» Material supplied
========

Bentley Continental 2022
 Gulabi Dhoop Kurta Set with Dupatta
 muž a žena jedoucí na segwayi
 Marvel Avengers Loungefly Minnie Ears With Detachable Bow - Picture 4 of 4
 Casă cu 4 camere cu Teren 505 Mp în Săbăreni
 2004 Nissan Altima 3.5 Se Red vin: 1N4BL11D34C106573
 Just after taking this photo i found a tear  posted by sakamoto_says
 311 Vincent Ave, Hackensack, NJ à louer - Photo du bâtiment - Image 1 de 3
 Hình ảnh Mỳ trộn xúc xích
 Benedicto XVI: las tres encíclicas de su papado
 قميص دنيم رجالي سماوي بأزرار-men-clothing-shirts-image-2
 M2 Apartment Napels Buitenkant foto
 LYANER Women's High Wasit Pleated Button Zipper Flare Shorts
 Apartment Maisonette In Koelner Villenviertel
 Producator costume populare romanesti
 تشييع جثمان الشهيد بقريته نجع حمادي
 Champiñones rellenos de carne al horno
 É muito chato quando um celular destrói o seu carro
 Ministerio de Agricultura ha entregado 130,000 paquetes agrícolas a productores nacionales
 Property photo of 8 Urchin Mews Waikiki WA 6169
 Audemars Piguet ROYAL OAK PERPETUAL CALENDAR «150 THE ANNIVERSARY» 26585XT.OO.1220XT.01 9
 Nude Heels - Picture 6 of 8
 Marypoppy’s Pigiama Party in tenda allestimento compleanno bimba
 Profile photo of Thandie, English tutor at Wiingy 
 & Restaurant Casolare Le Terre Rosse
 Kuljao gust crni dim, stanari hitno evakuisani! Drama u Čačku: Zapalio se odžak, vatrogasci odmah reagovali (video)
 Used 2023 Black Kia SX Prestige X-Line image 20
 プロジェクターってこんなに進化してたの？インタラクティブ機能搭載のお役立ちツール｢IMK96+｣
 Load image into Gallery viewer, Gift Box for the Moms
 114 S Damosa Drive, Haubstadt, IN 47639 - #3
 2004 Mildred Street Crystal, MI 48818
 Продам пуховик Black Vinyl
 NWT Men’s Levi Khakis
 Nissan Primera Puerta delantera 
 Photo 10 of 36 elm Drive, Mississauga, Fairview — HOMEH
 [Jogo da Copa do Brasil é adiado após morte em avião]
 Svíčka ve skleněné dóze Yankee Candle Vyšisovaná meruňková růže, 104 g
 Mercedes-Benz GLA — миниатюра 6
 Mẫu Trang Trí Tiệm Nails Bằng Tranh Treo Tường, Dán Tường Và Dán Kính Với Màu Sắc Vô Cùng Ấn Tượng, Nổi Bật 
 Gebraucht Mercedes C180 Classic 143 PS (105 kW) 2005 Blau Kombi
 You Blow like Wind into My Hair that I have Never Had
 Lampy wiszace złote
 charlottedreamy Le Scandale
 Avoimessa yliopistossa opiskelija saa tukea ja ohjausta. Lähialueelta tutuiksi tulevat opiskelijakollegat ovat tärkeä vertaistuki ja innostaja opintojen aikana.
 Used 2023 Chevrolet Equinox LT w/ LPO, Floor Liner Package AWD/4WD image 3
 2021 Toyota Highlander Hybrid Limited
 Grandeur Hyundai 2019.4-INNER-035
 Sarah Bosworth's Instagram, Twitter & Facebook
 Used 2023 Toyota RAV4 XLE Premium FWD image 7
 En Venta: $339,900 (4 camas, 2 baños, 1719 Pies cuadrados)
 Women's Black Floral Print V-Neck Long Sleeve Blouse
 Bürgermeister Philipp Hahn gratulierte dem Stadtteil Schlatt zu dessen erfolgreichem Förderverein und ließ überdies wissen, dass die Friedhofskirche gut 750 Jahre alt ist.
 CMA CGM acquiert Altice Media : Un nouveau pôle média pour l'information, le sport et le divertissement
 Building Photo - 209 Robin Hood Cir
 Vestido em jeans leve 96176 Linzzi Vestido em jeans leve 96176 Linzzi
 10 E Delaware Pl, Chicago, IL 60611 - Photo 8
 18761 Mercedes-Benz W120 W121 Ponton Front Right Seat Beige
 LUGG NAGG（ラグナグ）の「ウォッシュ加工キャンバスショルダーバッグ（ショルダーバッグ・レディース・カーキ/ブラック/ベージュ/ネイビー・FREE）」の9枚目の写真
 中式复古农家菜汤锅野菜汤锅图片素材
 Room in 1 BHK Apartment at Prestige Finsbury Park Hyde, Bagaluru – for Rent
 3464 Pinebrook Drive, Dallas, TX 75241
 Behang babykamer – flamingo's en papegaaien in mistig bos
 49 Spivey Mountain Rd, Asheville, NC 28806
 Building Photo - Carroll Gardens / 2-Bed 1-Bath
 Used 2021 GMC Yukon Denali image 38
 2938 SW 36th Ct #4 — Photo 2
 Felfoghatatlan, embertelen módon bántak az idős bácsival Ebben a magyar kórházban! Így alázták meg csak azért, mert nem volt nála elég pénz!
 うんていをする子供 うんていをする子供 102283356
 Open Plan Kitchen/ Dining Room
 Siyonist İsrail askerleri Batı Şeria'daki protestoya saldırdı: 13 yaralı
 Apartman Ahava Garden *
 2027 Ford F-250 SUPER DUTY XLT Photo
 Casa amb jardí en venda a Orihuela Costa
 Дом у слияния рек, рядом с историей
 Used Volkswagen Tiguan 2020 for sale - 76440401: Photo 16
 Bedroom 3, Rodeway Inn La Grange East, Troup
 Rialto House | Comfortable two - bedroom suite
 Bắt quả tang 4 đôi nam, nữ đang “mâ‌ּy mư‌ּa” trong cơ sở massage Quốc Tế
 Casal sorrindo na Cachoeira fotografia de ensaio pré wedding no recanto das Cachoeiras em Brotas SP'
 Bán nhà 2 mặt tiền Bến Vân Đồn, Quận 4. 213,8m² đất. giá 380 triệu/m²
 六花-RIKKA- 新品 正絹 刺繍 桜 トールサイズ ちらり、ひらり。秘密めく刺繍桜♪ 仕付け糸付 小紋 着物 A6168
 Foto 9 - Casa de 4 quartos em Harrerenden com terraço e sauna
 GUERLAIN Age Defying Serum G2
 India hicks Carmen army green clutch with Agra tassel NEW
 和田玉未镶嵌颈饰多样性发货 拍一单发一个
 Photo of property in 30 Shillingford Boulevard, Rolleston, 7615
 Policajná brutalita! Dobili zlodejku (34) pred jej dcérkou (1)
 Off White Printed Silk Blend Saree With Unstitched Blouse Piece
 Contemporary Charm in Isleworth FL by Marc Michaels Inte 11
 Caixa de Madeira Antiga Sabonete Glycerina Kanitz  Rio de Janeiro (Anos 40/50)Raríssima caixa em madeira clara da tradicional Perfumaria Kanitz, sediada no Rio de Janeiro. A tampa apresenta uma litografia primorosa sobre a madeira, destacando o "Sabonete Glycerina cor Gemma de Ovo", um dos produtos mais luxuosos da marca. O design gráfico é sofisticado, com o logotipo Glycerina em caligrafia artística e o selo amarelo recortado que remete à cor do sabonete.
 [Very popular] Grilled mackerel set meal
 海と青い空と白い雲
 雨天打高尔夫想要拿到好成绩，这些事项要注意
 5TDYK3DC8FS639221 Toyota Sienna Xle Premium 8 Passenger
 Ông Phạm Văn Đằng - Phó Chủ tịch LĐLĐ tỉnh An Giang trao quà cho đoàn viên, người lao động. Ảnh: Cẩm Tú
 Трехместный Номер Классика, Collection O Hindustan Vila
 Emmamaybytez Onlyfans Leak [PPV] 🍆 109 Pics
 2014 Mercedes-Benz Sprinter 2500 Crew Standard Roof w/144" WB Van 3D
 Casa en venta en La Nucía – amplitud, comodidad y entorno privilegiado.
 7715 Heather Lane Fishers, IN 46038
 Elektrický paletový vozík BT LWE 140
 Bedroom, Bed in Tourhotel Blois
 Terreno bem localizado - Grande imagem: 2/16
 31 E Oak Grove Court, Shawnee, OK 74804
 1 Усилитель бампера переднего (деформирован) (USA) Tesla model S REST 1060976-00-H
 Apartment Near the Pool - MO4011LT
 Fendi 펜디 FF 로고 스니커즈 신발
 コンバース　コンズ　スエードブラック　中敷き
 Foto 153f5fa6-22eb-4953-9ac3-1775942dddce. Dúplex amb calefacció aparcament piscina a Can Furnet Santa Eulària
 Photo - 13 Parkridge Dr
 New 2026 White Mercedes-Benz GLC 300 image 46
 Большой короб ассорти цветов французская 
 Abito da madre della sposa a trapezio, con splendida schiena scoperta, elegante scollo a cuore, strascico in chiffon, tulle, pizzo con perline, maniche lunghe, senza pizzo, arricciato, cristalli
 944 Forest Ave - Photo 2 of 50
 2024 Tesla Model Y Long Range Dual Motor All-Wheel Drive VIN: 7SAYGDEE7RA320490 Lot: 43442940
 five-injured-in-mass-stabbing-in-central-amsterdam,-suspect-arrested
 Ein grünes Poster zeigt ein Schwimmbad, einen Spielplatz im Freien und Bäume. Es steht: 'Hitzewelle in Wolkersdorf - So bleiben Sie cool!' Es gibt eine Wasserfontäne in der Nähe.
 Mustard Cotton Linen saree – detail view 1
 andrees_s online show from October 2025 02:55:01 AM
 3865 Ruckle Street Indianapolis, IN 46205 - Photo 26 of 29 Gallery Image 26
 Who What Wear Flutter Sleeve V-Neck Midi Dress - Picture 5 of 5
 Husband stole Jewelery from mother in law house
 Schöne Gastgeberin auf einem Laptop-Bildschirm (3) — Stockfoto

========

» Activity
Go to the line with "114 S Damosa Drive, Haubstadt, IN 47639 - #3" in the entries above and repeat every line from there through the line with "10 E Delaware", exactly and with no other text.

» Problem solution
 114 S Damosa Drive, Haubstadt, IN 47639 - #3
 2004 Mildred Street Crystal, MI 48818
 Продам пуховик Black Vinyl
 NWT Men’s Levi Khakis
 Nissan Primera Puerta delantera 
 Photo 10 of 36 elm Drive, Mississauga, Fairview — HOMEH
 [Jogo da Copa do Brasil é adiado após morte em avião]
 Svíčka ve skleněné dóze Yankee Candle Vyšisovaná meruňková růže, 104 g
 Mercedes-Benz GLA — миниатюра 6
 Mẫu Trang Trí Tiệm Nails Bằng Tranh Treo Tường, Dán Tường Và Dán Kính Với Màu Sắc Vô Cùng Ấn Tượng, Nổi Bật 
 Gebraucht Mercedes C180 Classic 143 PS (105 kW) 2005 Blau Kombi
 You Blow like Wind into My Hair that I have Never Had
 Lampy wiszace złote
 charlottedreamy Le Scandale
 Avoimessa yliopistossa opiskelija saa tukea ja ohjausta. Lähialueelta tutuiksi tulevat opiskelijakollegat ovat tärkeä vertaistuki ja innostaja opintojen aikana.
 Used 2023 Chevrolet Equinox LT w/ LPO, Floor Liner Package AWD/4WD image 3
 2021 Toyota Highlander Hybrid Limited
 Grandeur Hyundai 2019.4-INNER-035
 Sarah Bosworth's Instagram, Twitter & Facebook
 Used 2023 Toyota RAV4 XLE Premium FWD image 7
 En Venta: $339,900 (4 camas, 2 baños, 1719 Pies cuadrados)
 Women's Black Floral Print V-Neck Long Sleeve Blouse
 Bürgermeister Philipp Hahn gratulierte dem Stadtteil Schlatt zu dessen erfolgreichem Förderverein und ließ überdies wissen, dass die Friedhofskirche gut 750 Jahre alt ist.
 CMA CGM acquiert Altice Media : Un nouveau pôle média pour l'information, le sport et le divertissement
 Building Photo - 209 Robin Hood Cir
 Vestido em jeans leve 96176 Linzzi Vestido em jeans leve 96176 Linzzi
 10 E Delaware Pl, Chicago, IL 60611 - Photo 8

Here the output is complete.